The team created a scale model of the base and a written report about an International Logistics Mission to colonize Phobos, a moon of Mars.

Their hard work and preparation yielded the ultimate prize: first place and a trip to space camp in June at the U.S. Space and Rocket Center in Huntsville, Ala.

A Plan Based on Living Rather than Surviving

The girls’ miniature base included a space for aeroponic and aquaponic greenhouses, labs, a gym, and living area where astronauts could sleep and cook.

The group not only emphasized safety, but also showed how the astronauts, who would most likely spend their life on the colony, would create lives in space.

“I think that was the difference between us and the other the teams. The other teams put an emphasis on safety and how they’re going to survive, and we did emphasize safety, but we also wanted to emphasize how they’re going to live,” Cox said.

As a result, the girls took special pride in the model’s design.

“I think the building part really helped us express the way we wanted it to be,” said Catherine Taylor. “The research, we definitely showed enthusiasm for, but with the model, we were like ‘look, this is us. This is what we want our astronauts to have and we definitely made our base homey’.”

The competition started with a semi-final round on Feb. 6 at ASU’s Polytechnic Campus, where Team R.A.C.E. impressed Honeywell Engineers enough to finish first among 300 other schools from across the state.

About three weeks later, the team had to deliver a 10-minute oral presentation, followed by a question-and-answer session with a panel of judges.

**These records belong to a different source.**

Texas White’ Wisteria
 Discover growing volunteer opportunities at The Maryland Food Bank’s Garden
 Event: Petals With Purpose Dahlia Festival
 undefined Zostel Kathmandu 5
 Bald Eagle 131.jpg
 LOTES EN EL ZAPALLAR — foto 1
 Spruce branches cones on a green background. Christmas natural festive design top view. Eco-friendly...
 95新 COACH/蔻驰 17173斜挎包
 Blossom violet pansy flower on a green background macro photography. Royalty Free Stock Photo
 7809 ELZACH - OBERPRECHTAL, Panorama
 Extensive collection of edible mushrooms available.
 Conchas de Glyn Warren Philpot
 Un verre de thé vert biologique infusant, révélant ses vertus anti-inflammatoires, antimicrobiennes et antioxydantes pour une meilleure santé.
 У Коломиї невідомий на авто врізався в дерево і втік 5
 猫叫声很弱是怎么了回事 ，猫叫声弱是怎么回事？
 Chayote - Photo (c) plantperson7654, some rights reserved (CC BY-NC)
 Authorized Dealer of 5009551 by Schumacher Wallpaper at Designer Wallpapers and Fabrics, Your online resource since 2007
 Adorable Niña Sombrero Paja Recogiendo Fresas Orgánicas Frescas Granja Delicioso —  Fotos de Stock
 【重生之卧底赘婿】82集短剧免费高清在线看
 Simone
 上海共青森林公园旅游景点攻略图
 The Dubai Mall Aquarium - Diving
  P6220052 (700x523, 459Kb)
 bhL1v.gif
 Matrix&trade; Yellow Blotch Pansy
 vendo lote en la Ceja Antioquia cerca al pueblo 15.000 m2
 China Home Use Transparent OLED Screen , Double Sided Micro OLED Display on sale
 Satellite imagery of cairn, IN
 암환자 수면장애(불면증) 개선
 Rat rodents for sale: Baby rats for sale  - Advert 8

The girls balanced a seesaw of emotions, ranging from nervous and stressed, to shocked and surprised when they were announced as winners.

“I had tears in my eyes. We just kept hugging and high-fiving. Then my dad cried and that made want to cry,” Catherine Taylor said.

Her sister, Emily, experienced a different type of emotion.

“I don’t think I was surprised as much as shocked,” she said. “I finally realized what this was, like the whole big picture. The only thing I could remember was I couldn’t feel my legs.”

The team understood the significance of an all-female group winning one of the top STEM competitions in the country.

But they want people to focus more their accomplishment.

“I think we’re more interested in talking about science itself and the background behind it than having an all-girls team,” Catherine Taylor said.